How To Avoid Common Difficulties In Your Data Science Programming Environment

(Source)

Reduce the incidental issues in your programming environment so you can focus on the important data science problems.

Consider the following situation: you’re trying to practice your soccer skills, but each time you take to the field, you encounter some problems: your shoes are on the wrong feet, the laces aren’t tied correctly, your socks are too short, your shorts are too long, and the ball is the wrong size. This is a ridiculous situation, but it’s analogous to that many data scientists find themselves in due to a few common, easily solvable issues:

  • Failure to manage library dependencies
  • Inconsistent code style
  • Inconsistent naming conventions
  • Different development environments across a team
  • Not using an integrated development environment for code editing

All of these mistakes “trip” you up, costing you time and valuable mental resources worrying about small details. Instead of solving data science problems, you find yourself struggling with incidental difficulties trying to set up your environment or get your code to run. Fortunately, the above issues are simple to fix with the right tooling and approach. In this article, we’ll look at best practices for a data science programming environment that will give you more time and concentration for working on the problems that matter.


1. Failing to Manage Libraries (Dependencies)

Nothing is more frustrating than writing code that works perfectly one day and then discovering it has numerous errors the next without you changing a character. Almost every time I encounter this problem, it has a single cause: failing to keep track of which version of libraries you are using in your code. This problem is so common and so frustrating that its name is dependency hell.

To get over this, you have to remember libraries have versions: when you say you use pandas, that’s incorrect; you actually use pandas==0.24.0 or pandas==0.19.2 , etc.
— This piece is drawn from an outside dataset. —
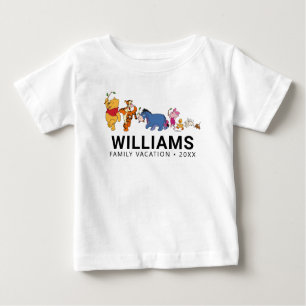 Winnie the Pooh & Pals Family Vacation Baby T-Shirt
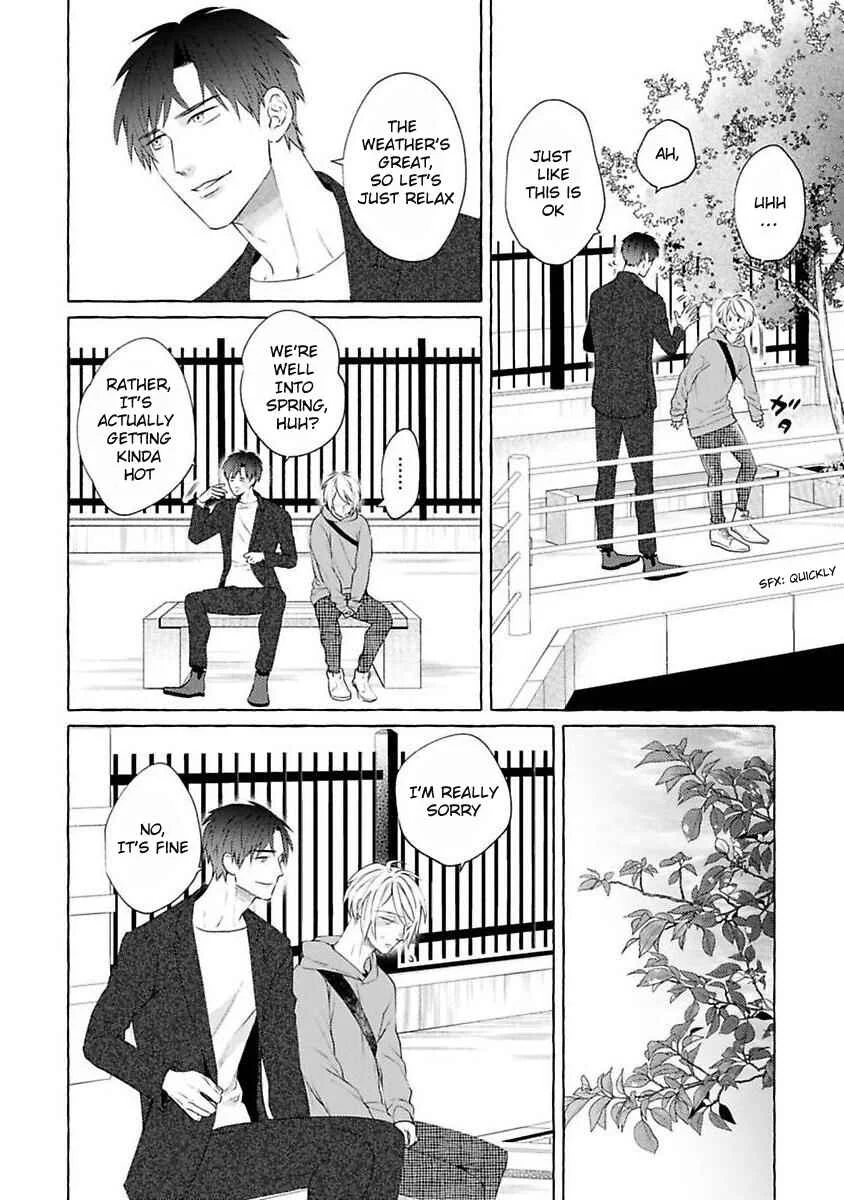 Kimi no Pink to Boku no Blue Chapter 4 - Page 8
Every library you import in a project will be at a specific version and recording the version for your project is crucial to avoid terrible moments of broken code. There are many options for fixing this revolving around the idea of creating an isolated environment: a managed installation of Python with its own packages separate from your system Python.

  1. Python’s built-in [venv](https://docs.python.org/3/library/venv.html?): this comes with Python but is a little hard to use.
  2. [conda](https://docs.conda.io/projects/conda/en/latest/user-guide/tasks/manage-environments.html?) virtual environments: use the conda package manager to create and maintain virtual environments. This is the approach I’d recommend for those new to virtual environments.
  3. [pipenv](https://docs.pipenv.org/?) (third party): also creates and manages virtual environments with a version-controlled Pipfile . I’ve found this very simple to use.
  4. [docker](https://www.docker.com/resources/what-container?) containers: A container goes beyond a virtual environment, containing all the software and code needed to run an application (although it’s not quite a virtual machine). Docker is becoming more common in data science, because you can package together data, code, and all required libraries, so it’s worthwhile to learn how to set up and run docker containers.

(Real Python has great tutorials on all these tools).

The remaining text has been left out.